The 2016 class of edge rushers has some quality in the first round, but a sharp decline in talent after that. Last year's draft featured a much more exciting group of edge rushers with first-round grades.
While most consider Ohio State's Joey Bosa the easy winner as the top edge rusher in the draft, something tells me that there will be teams who have Georgia's Leonard Floyd ahead of Bosa based on scheme fit and a projection of Floyd's upside. The race to see who is drafted first between Clemson defensive ends Shaq Lawson and Kevin Dodd should be an interesting one.
Eastern Kentucky's Noah Spence, who began his career at Ohio State, has a background that includes being banned from the Big Ten for failed drug tests. Oklahoma State DE Emmanuel Ogbah's makes lots of plays. Georgia's Jordan Jenkins might not get drafted until the third round, but he's as NFL-ready as any of the "tough-guy" edge setters in this year's class.
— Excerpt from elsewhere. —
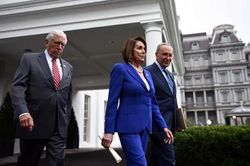 Ông Trump nổi cơn thịnh nộ, phe Dân chủ bỏ họp giữa chừng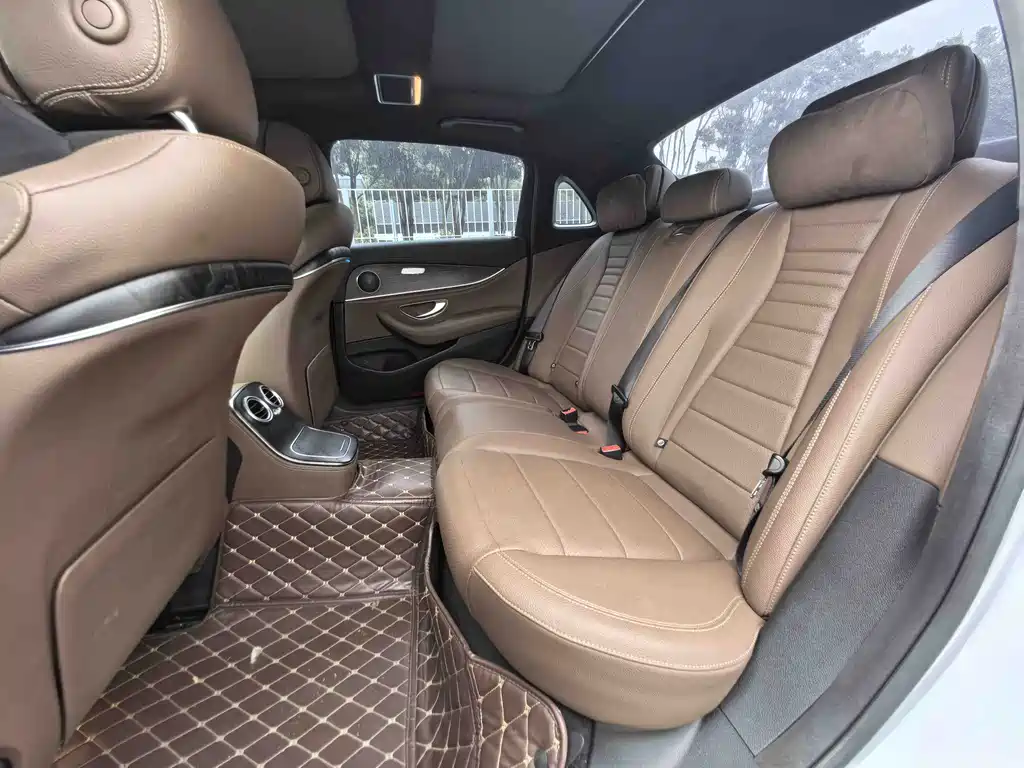 Mercedes-Benz E-Class — миниатюра 10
Let's explore the 2016 edge-defender class.
Teams with greatest need
Top 8 players at the position
1. Joey Bosa: Combines excellent hands and forward lean for quick wins around the edge. Bosa will need to make sure he plays with better balance as a pro and he'll have to find some workable counter moves to add to his rushing arsenal.
2. Leonard Floyd: Floyd is painfully thin and will struggle to match up with the strength of NFL players, but he is rangy in space, plays with a good motor and has traits as a pass rusher that would be a mistake to ignore.
3. Kevin Dodd: His lack of college snaps could preclude him from being "pro ready", but his instincts and football intelligence should expedite the learning process.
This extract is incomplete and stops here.